I've read with interest the antics of your little ones. I have a few stories to tell here as a result of my crew. What they do seems mild thought, compared to some of my rescues. Wherever I go outside, I'm accompanied by at least three dogs, all from the pound, taken in as rescues (and spayed). One is an Irish Setter/Golden Retriever, and the other two are Labs. They LOVE me. They run and play around me, and, on occasion, they have knocked me flat as they run so close playing chase. Even the time they knocked me flat on my back, causing severe pain for three weeks wasn't as bad as today. As I said, they LOVE me. I am blessed with so many presents they bring to show this love. Today, I was double blessed. My chocolate Lab, Cheyenne had a dead rattlesnake, so as not to be outdone, my yellow Lab, Belle went and found a dead rat. Of course I'm on a walk, away from the house when they bring their treasures to me. Belle wants to touch me as she walks. Can you imagine me trying to avoid the dead rat? Of course it's hot, and my legs are bare. Ugh! I'm hurrying to the house, but here comes the snake in Cheyenne's mouth. Why can't they love me a little less


----------



## littlepeanut (Dec 5, 2004)

I think that one tops all the stories here :new_Eyecrazy: YIKES!!!


----------



## rubyjeansmom (Jan 6, 2005)

...and I thought it was bad Ruby bringing me dead hard worms







that is so funny! You have a happy bunch there!!!!


----------



## NC's Mom (Oct 23, 2004)

Sir N once came trotting up to give me the equivalent of a hundred dollar bill. I like his gifts.


----------



## Brinkley & Neyland's Mom (Jun 14, 2004)
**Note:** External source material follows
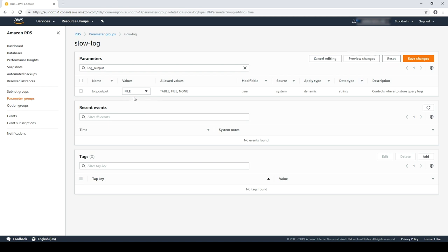By default, the value of this parameter is table for RDS MySQL versions 5.6, 5.7 and 8 instances, as well as for Aurora MySQL 5.6 compatible clusters. The default for Aurora MySQL 5.7 compatible clusters is file. This means that this step is not required if your Aurora cluster is MySQL 5.7 compatible.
My dogs don't bring me things...but I have had cats that did.








My first cat, Xavier would bring me dead frogs and baby moles. I got upset at first until my grandmother explained to me that he was bringing me gifts because he loved me.









Little-Bit, that I have now in the house...she and her mom (Momma Kitty) were strays that found our house...and the food we left out for them.







Little-Bit was REALLY young...thus her name...








Momma kitty loved me so much she would bring me BIG, BEAUTIFUL presents. She killed a full grown squirrel in our yard







, a blue jay,







, and a full sized rabbit!







That rabbit was bigger than she was! My husband was shocked!  She drug it into our carport and she was SO proud.







Little-Bit just sat there playing with the cotton tail and Momma weaved in and out my legs meowing and carrying on. I explained to her that I KNEW she loved me and was greatful for the new house and food, but killing the *pretty *wildlife in our yard was not acceptable. Amazingly she quit.







A few weeks later she got hit by a dang car.







So Little-Bit came to live in the house...I couldn't stand the thought of her getting hit too.


----------



## puppylucy (Jan 8, 2005)

omg!


----------



## Teddyandme (Feb 6, 2005)

I think...I am really thankful for Teddy's kisses and glad that he does not have the oportunity to bring me the kind of gifts your getting...YUK...and to have to say how nice they are...YUK YUK.

At least you know your loved.

Susan


----------



## ButterCloudandNoriko (Aug 26, 2004)

Yuck! I wouldnt want to kiss them! RAT BREATH! EWWWWWWWWWWWWWWWWWWWWWWWWWWWWWWw


----------